Марленка, ты все еще не оставила безумной мысли породниться со мною?* Я не сомневаюсь, что ты будешь прелестной тещей, может быть, почти такой же прелестной, как моя, — почти! Но подумай, как мы немедленно начнем собачиться, когда станем сватьей и сватом — кажется, так это называется?

Голубчик мой, милая, я знаю, что ты мне друг, — и лучший, чем был я тебе в почти аналогичной ситуации. Никогда себе этого не прощу. Утешаю себя лишь тем, что ты знаешь: это была не трусость и не безразличие, а легкомыслие, бездумность*.

Я очень рад тому, что у вас там все тихо и мирно. Вариант же с Харьковом для Саньки кажется мне, к сожалению, нереальным*. «К сожалению» потому, что а вдруг бы сыну так же пофартило бы в Харькове, как его отцу?

Фиме, Жене и Сане [Захаровым] — привет. Сане скажи, что реветь не надо. Ее подружка — молодец*, дай Бог любому — не ее судьбу, конечно (в смысле — не такого мужа и не такого завершения научной деятельности), — а ее мужество и благородство, ее человечность.

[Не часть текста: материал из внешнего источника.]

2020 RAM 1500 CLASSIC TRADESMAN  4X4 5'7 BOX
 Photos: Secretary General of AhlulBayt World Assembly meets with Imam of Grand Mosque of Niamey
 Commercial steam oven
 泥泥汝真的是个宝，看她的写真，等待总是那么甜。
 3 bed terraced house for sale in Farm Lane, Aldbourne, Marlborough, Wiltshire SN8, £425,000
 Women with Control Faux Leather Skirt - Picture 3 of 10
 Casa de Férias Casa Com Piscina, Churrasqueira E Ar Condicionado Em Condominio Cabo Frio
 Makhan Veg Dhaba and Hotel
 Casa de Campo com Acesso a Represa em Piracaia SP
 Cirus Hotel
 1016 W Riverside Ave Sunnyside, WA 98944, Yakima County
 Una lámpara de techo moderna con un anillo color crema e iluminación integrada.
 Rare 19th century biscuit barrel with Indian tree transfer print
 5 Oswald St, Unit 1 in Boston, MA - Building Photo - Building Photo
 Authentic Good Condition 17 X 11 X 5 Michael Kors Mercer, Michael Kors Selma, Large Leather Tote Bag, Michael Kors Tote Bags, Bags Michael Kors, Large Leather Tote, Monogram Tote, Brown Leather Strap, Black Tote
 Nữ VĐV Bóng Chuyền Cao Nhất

Отдельно привет — Лине [Волковой]. И всем напрочь забывшим меня харьковчанам отпускаю грехи и кланяюсь.

Наташка и Майя З. — умницы и почти такие же красавицы, как те две псины, на обороте которых так элегантно накарябаны сообщения о двух котятах Туськи, о гастролях А.Райкина и о Санькином трудолюбии. Целую обеих, и привет ихним детям: Ляльке [Злобиной] и Борьке [Шрагину].

Спасибо тебе, Миха, за письмо о Саньке. Мне трудно судить, действительно ли Санька так похож на меня (Санька, ты похож на меня? Ой, не советую!..); впрочем, ты не один это замечаешь. Хоть и жалко, но — приятно.

А зря ты все-таки не отвечаешь на те вопросы и соображения, которые адресованы тебе. Мне хотелось бы кое-что выяснить до моего возвращения. Скажешь — не время? Самое время, друг мой, то есть более подходящего времени, чтобы расставить все точки и многоточия, специально не придумаешь. Сейчас уже — три года прошло! — можно подвести некоторые итоги, обозначить водоразделы и понять, что за эти годы было случайным и опрометчивым, что главным; изменились ли твои и мои взгляды на общих знакомых (и в хорошую и в плохую стороны), дать оценку этим взглядам и их проявлению. Есть, есть о чем поговорить, Миха. Подумай. Ведь может статься, что я устану задавать вопросы и ничего не получать в ответ.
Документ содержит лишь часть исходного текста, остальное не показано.